Quackrstackr » Today, 7:51 am wrote:Time for a bit of myth debunking.

Firstly, we release over 95% of the fish that we catch. We keep the occasional small fish or one that accidentally got a gill busted in the fight. That's not many. I think it was one fish this year out of the 70 or so that we caught. We did keep some in the 15 lb range but even the big flatheads are great eating.

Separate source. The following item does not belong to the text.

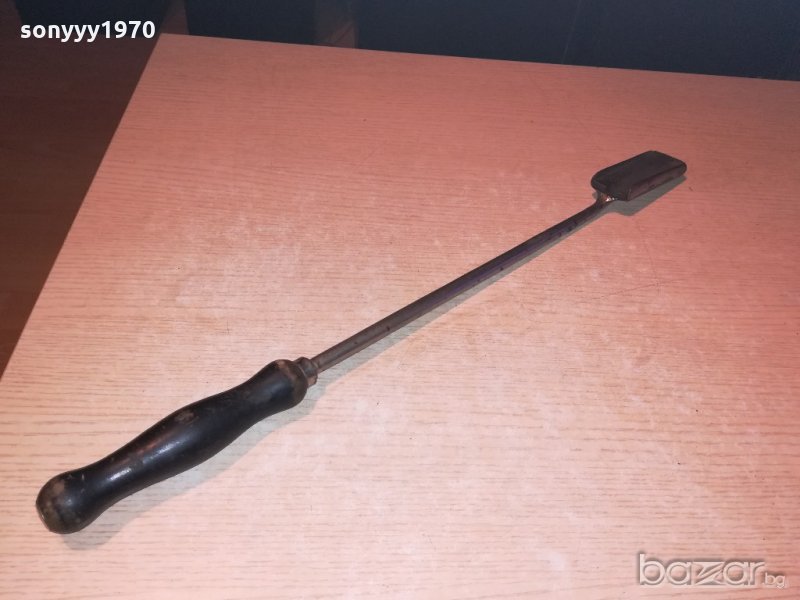 ретро инструмент-57х4см-АНТИК, снимка 1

Next, after catching who knows how many of these things over the years.... trust me, there isn't a catfish out there that's going to hold you down and drown you. I don't care how big it is. They hit to kill what is invading their hole and retreat. It's a lot tougher to get your hands on one of them than you think. They will grab your hand, shake and be gone in a second and a half or less. They're not sharks. :lol: If people drowned because a fish held them under, it's because they wouldn't let go of the fish and the fish was stuck in a hole. Trust me... when you grab ahold of one, the last thing that fish wants is to hang on and fight something 3 times bigger than it is. They fight to get away, nothing more. All you have to do is let go.

Don't believe all of the hype pumped out by these "reality" shows of people doing it.
Well said, Quacks.

Get the fish out of the hole, take a picture...put the fish back in the hole. That's how we do it. Probably release 99% of the fish we catch...big and small.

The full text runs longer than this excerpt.